THE DATA Block Start

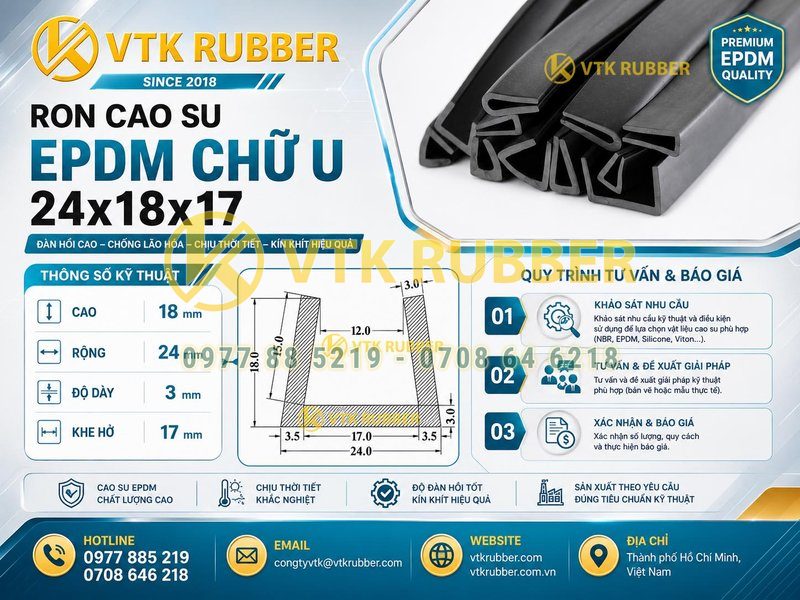 Ron cao su EPDM chữ U 24x18x17, khe 17mm tại Đà Nẵng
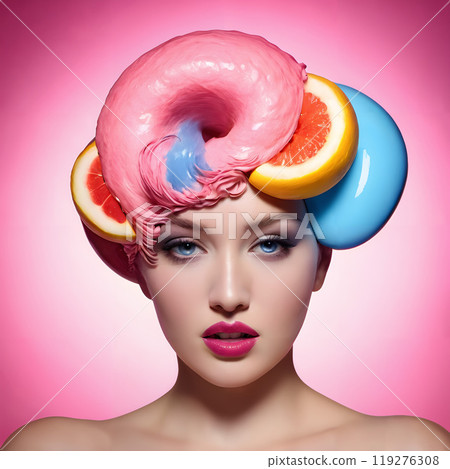 Surreal Citrus Headdress on Woman Against Vibrant Pink Background 119276308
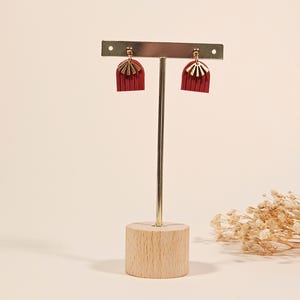 Maroon Terracotta Polymer Clay Earrings: Gold Fan Dangles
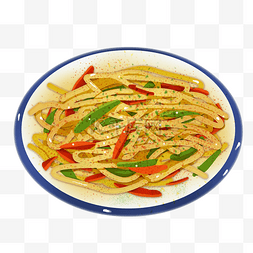 豆角插画图片_豆角焖面面食插画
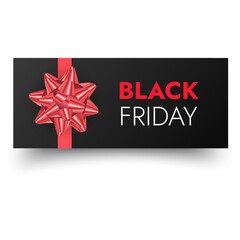 Black Friday Sale Banner with Realistic Red Gift Bow
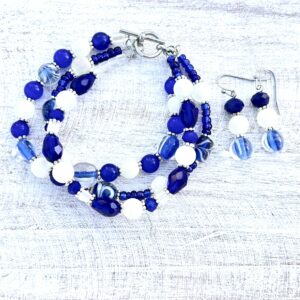 Royal Blue & Frosted White Multi-Strand Bracelet & Earrings Set
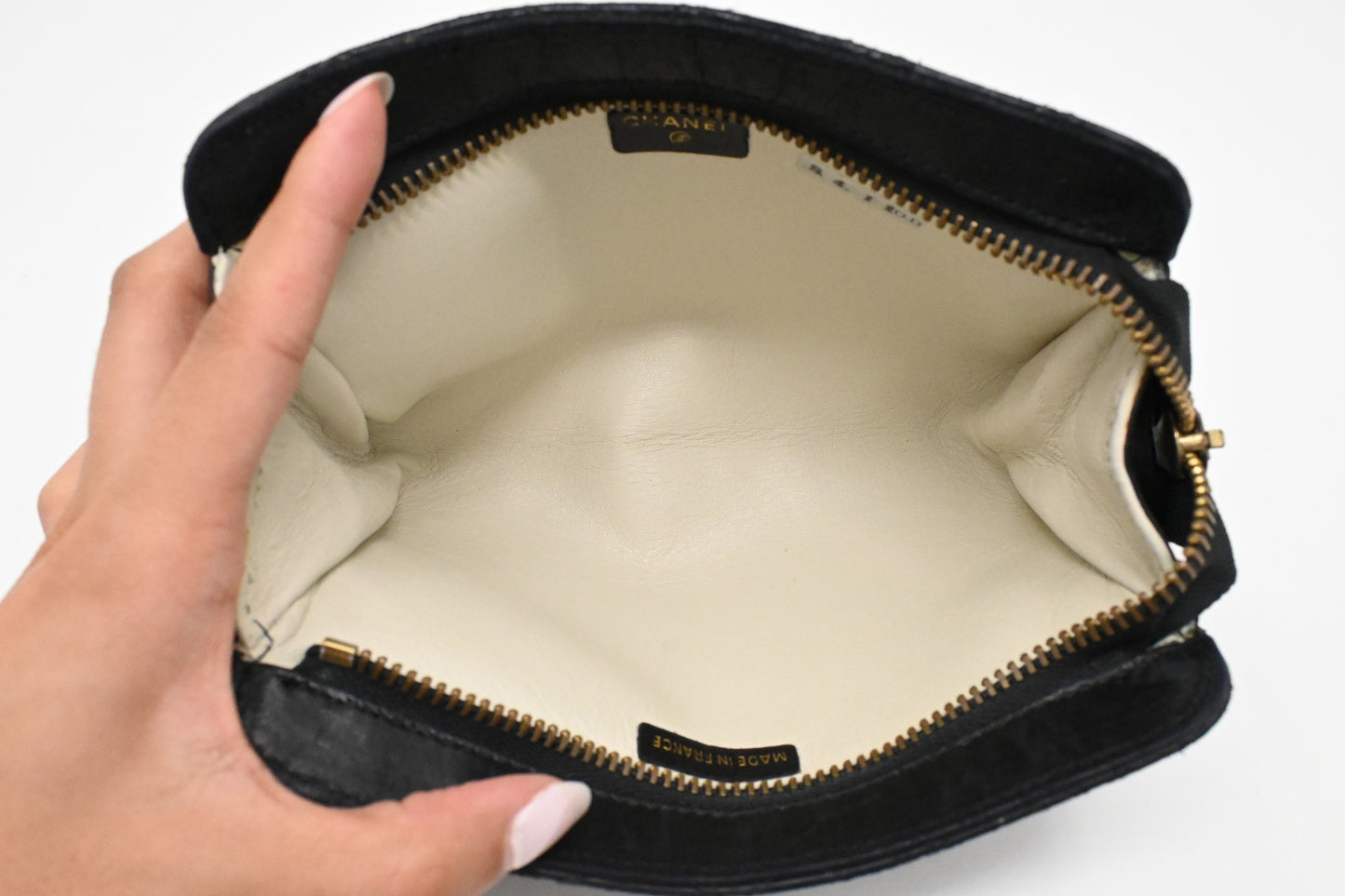 Chanel Pouch in Black Matelassé Leather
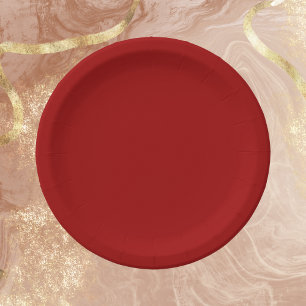 Crimson Red Solid Color Pappteller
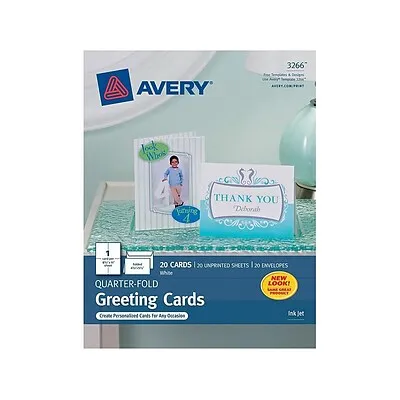 Avery Quarter-Fold Greeting Cards, Matte, 4-1/4" x 5-1/2", 20 Cards (3266)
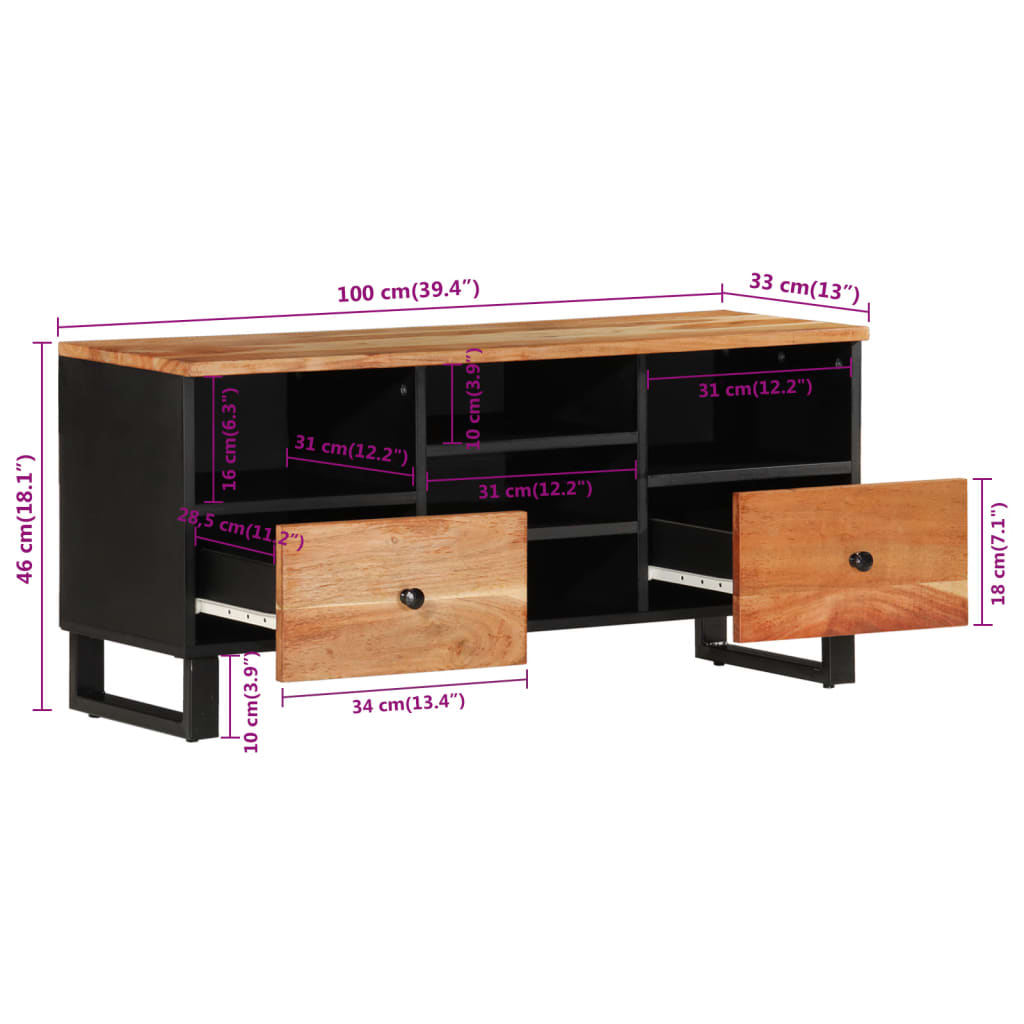 Tv-Meubel 100X33X46 Cm Massief Acaciahout En Bewerkt Hout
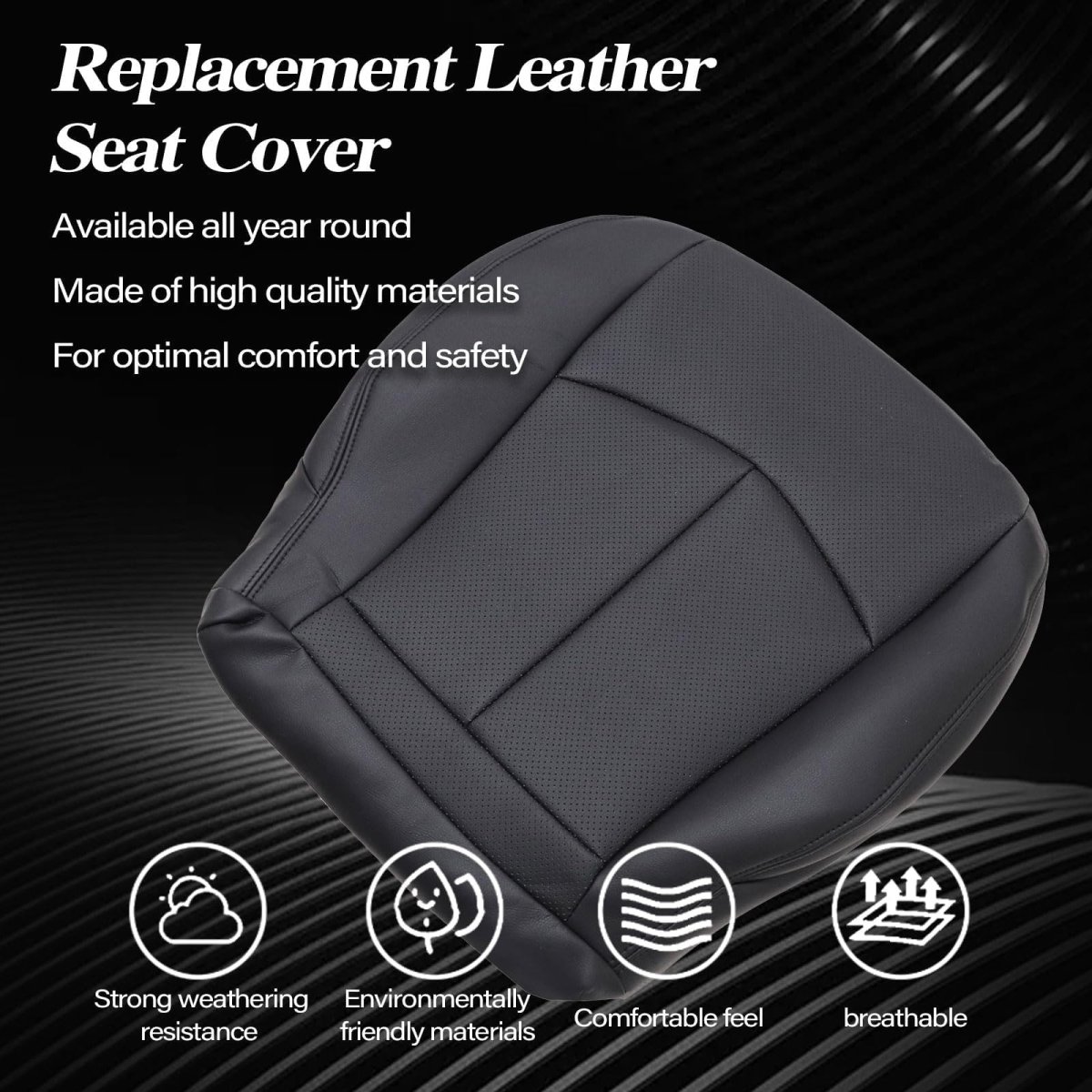 Secos Black Front Driver Passenger Side Bottom Top Lean Back Replacement Perforated Leather Seat Covers For Mercedes Benz E63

THE DATA Block End

ABOUT THIS EXERCISE:
Only the lines from the one containing "Avery Quarter-Fold Greeting" through the last line of the data above, both included, belong in the reply, each restated exactly and without pictures.

EXERCISE OUTPUT:
 Avery Quarter-Fold Greeting Cards, Matte, 4-1/4" x 5-1/2", 20 Cards (3266)
 Tv-Meubel 100X33X46 Cm Massief Acaciahout En Bewerkt Hout
 Secos Black Front Driver Passenger Side Bottom Top Lean Back Replacement Perforated Leather Seat Covers For Mercedes Benz E63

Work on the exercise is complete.